Stan Playground: Stan without installing Stan

Announcing Stan Playground

Stan Playground is a new open-source, browser-based editor and runtime environment for Stan models. Users can edit, compile, and run models, as well as analyze the results using built-in plots and statistics or custom analysis code in Python or R, all with no local installation required.

I gave a live demo of the site at StanCon 2024 (video forthcoming), and we (myself, @magland, and @JSoules) are happy to now announce it for broader use.
Whether you’re a new user, an educator trying to teach Stan, or an experienced user who just doesn’t have their new laptop configured yet, we hope to make your life just a bit easier.

You can visit the live website here: https://stan-playground.flatironinstitute.org.

screenshot of live site

Feature Overview

For users familiar with tools like the Compiler Explorer, repl.it or JSFiddle, Stan Playground hopes to provide a similar experience for Stan models.

Stan editor

The site features an editor for Stan code with syntax highlighting and provides warnings and errors from the Stan
compiler for instant feedback.
screenshot of the Stan editor

Compiling models

Compilation of the models is the only part of Stan Playground which is not run locally. We provide a public server for convenience, but you can also host your own.

screenshot of the page to select compilation servers

Preparing data

Data can be provided in JSON format in its own editor, or can be generated from code written in R (using webR) or Python (using pyodide), including code that imports published datasets.

screenshot of providing data

Sampling

After a model has been compiled, sampling can be run entirely in your local browser.

screenshot of sampling

Viewing and analyzing results

Stan Playground has several built-in ways of viewing the samples, but also supports performing your own analysis, again in R or Python.

built-in histogram view

custom R anaylsis

Sharing

Stan Playground has built-in sharing features to allow you to download a copy of your project, upload an existing project, or share via a Github Gist. Sharing with a Gist provides a link you can send to other users–when clicked, the link loads your shared project in the recipient’s browser.

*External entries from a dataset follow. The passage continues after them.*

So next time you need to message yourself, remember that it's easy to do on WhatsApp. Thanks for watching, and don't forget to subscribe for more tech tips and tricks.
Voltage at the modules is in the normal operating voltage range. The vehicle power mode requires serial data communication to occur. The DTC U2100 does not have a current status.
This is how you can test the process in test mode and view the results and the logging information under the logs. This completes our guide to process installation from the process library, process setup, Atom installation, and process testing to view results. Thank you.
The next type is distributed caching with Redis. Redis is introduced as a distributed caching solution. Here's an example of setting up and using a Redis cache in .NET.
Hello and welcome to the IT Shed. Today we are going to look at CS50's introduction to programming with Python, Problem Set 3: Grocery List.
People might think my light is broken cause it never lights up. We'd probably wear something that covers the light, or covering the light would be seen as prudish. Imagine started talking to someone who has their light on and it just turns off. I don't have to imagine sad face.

You can also prepare custom links if you have files already living at some URL (e.g., they are already in a github repository).
For example, this link will load the “golf” case study from the example models repository:

https://stan-playground.flatironinstitute.org/?title=Knitr%20-%20Golf%20-%20Golf%20Angle&stan=https://raw.githubusercontent.com/stan-dev/example-models/master/knitr/golf/golf_angle.stan&data=https://raw.githubusercontent.com/stan-dev/example-models/master/knitr/golf/golf1.data.json

Dark Mode

Like any good modern website, you can also use it in dark mode:

Limitations and planned features

There are several things Stan Playground can’t do, but might one day! We’re hoping to hear from you all about which of these deserves priority:

It’s also worth noting that the use of web technologies does place some constraints on what is (currently) possible. One a few early users have run into is memory constraints – Web Assembly is currently limited to somewhere between 2 and 4GB of RAM usage, depending on your browser. You can still do a lot of cool modeling within those limits, but it’s still important to be aware of.

17 Likes

This is fantastic!

Agreed! This is what @andrewgelman was asking about for years. I’m curious whether he thinks that now that it’s built (hence the ping).

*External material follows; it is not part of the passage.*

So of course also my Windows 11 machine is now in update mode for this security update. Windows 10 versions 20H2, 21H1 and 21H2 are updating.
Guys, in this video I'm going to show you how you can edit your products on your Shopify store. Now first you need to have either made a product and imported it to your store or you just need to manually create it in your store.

@WardBrian: I think it would be really cool to couple this with the MCMC monitor code from @JSoules. That would immediately give you all the posterior analysis tools you’d want, even if you don’t hook it up to run online as things are sampling.

1 Like

Viewing the samples as they progress is much trickier than in the case of cmdstan writing out to disk (see discussion in integrate MCMC Monitor · Issue #8 · flatironinstitute/stan-playground · GitHub) but in terms of after-the-fact analysis, we already have most of the tools mcmc-monitor provided. Stan-Playground “builds in” the summary statistics table, histograms, and traceplots. MCMC monitor had these plus plots of autcorrelation and scatter plots.

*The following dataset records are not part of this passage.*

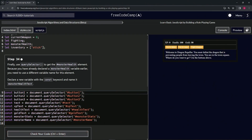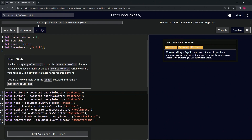We're doing FreeCodeCamp JavaScript Algorithms and Data Structures beta — Learn Basic JavaScript by Building a Role-Playing Game, Step 34. We're going to use our querySelector method to get the monster health id element. Because we've already declared a monster health variable earlier, we're going to need to use a different variable name for this element.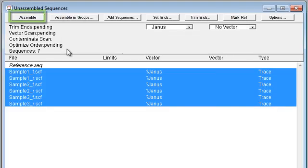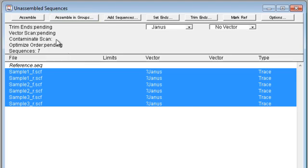Then click assemble to assemble all of your data together or assemble in groups to assemble into contigs based on sample names.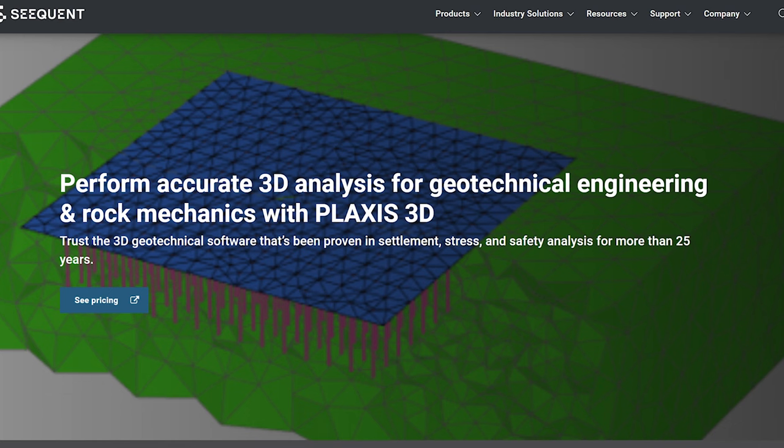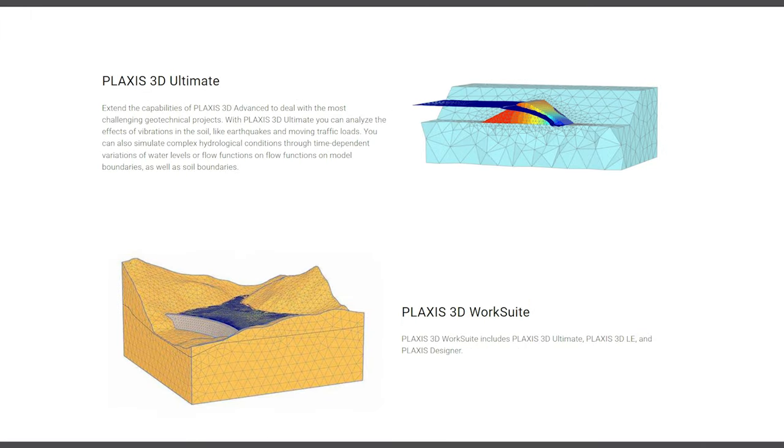Initially the software could only analyze two-dimensional models, but with yearly releases the features and modeling capabilities increased, dealing with more aspects of soil and rock behavior, soil-structure interaction, groundwater flow, and dynamics. Around the year 2000, we made a step towards three-dimensional modeling. A completely new full 3D version was released around 2010, which also included a complete scripting interface allowing for automation and interoperability. By the time Plaxis was acquired by Bentley Systems in 2018, it had become the worldwide leader in geotechnical finite element software.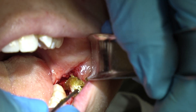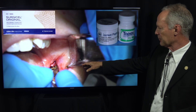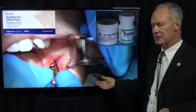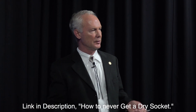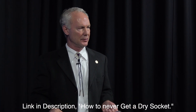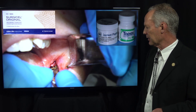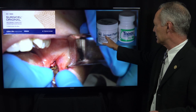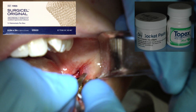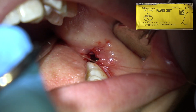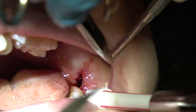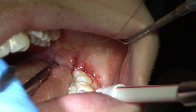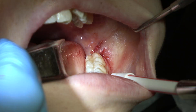Here's the socket. I'm placing socket paste and resorbable gauze in the socket. In almost 40 years of practice, I've never gotten a dry socket because I pack the mandibular sockets with this paste and resorbable gauze. Then I'm going to place 2-3-0 suture to suture the mandibular wisdom teeth. I'll place one suture in the maxillary to suture that up tight for hemostasis.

If these would be useful to build in, we could. Note that you can still get these, and indeed many more types of plots, using the analysis scripting feature and something like bayesplot. The first is bayesplot::mcmc_acf() and the second is mcmc_pairs()

1 Like

Stan Playground looks amazing. I just have a few quick comments:

  1. I altered the model (adding a quadratic term to the regression) and re-compiled and re-ran. It did this just fine. But the compile was kinda slow. It took longer to compile online than on my laptop. If that’s the way it is, ok, fine. I just wanted to let you know in case it was some kind of bug. Playing around, I found that sometimes compilation just takes a second, other times it takes 15 seconds. So I guess it just depends on what else is happening on the server right then.

  2. I like that I can directly edit the data in the data window, because that allows me to easily see how inferences change if you change a data point.

  3. I was playing around with the model and made some errors. The debugger pointed out syntax errors very helpfully!

  4. This made me think it would be a good idea to add Pedantic Mode as an option, as that would catch other problems in people’s code.

  5. (Ok this one is silly:) Can the indentation be user-defined? I’m an indent 2 spaces guy, and it pains me to see the 4-space indentation!

  6. I looove that there’s a Data Generation setup. That’s exactly how it should be. And it’s in both Python and R! How cool is that?? Given that the generated data go into the data.json window, I wonder if it would make sense for that data.json window to be labeled as “data loaded in from outside” or “data generated from the data generation window in Python” or “data generated from the data generation window in R.” That way it would be transparent to see where the data came from.

  7. For the default example, to promote good practice, it might make sense for a preset value be given for the random seed in the Stan generation. Also, in the R code that generates the data, it could make sense for the first line of that code be set.seed(123) or something like that, just again to promote reproducible research. I suppose there’s a similar way to set the seed in Python.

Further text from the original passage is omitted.